The saving grace, however, according to experts, is that the spread in such states is not likely to be in the form of an explosive outbreak, but smaller clusters in different parts of the country.
Nonetheless, the numbers are likely to increase further in the coming days, with most expecting the cases to peak in July-August.
"The immediate result of the lockdown is a successful drop in cases... Its delayed benefit is flattening of the curve. Without getting the first result, you cannot export the second," says Dr John.
The growth of the epidemic is proportional to the number of people available for it, Dr John points out.
"Whatever you do -- drastic or non drastic -- it will not shift the peak very much except by a week or so," he adds.

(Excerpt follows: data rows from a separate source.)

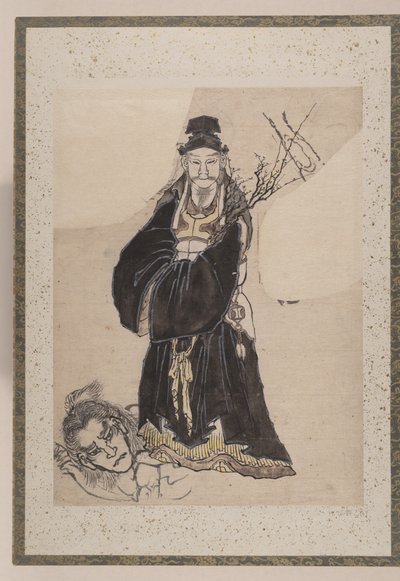 Álbum de esboços de Katsushika Hokusai e dos seus discípulos de Katsushika Hokusai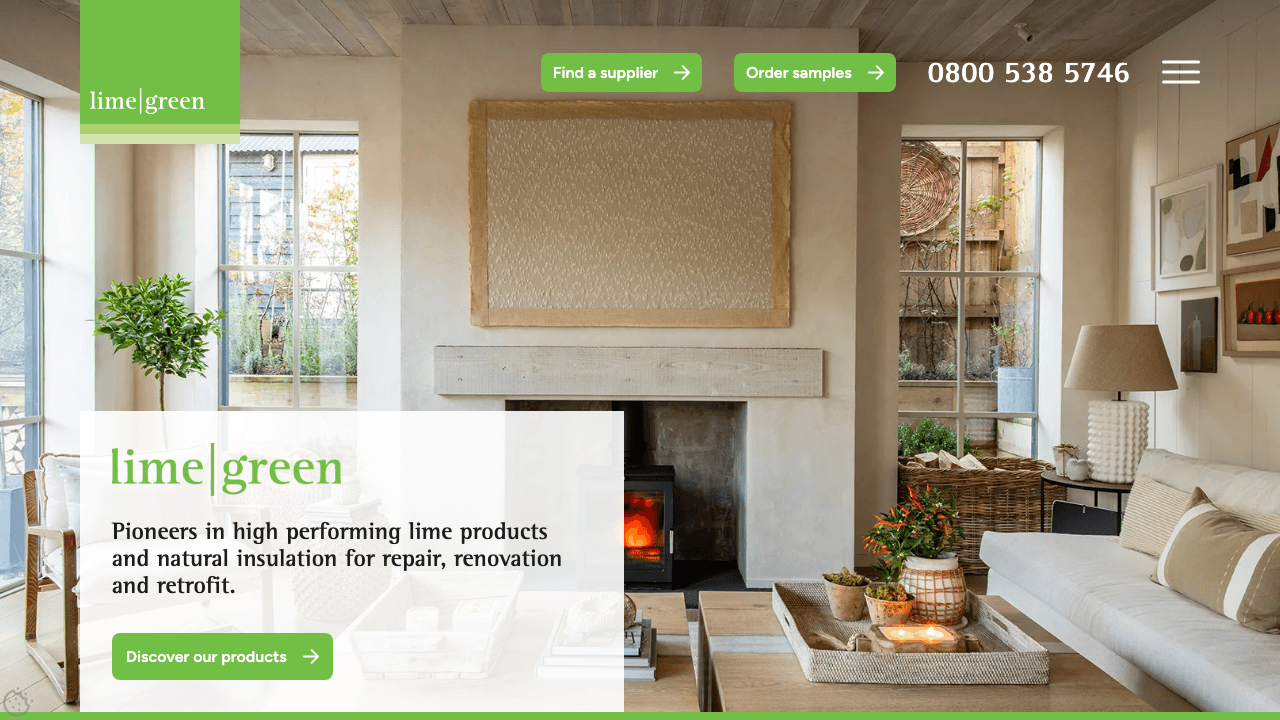 Lime Green Products Ltd — Eco & Sustainable in Shropshire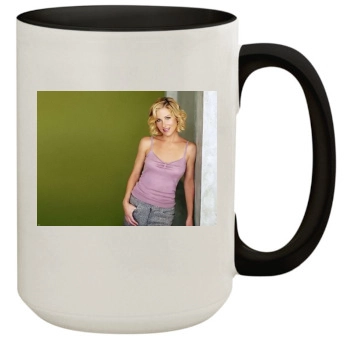 Christina Applegate 15oz Colored Inner & Handle Mug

What can be done to contain this?
"We have to be more result oriented than process oriented... We had a leaky lockdown and did not make wearing masks compulsory early on," Dr John says.
Epidemiologists are also concerned about the monsoon.
If high temperatures were expected to bring down the rate of the disease spread, the reverse should happen in the monsoon when the humidity will rise, and the infectious droplets would linger much longer on surfaces.
"We don't know how complicated things will get with the onset of the monsoon," says Dr Sreekumar. "Hospitals see large numbers of admissions during the monsoon, and clinicians will struggle to distinguish COVID-19 patients."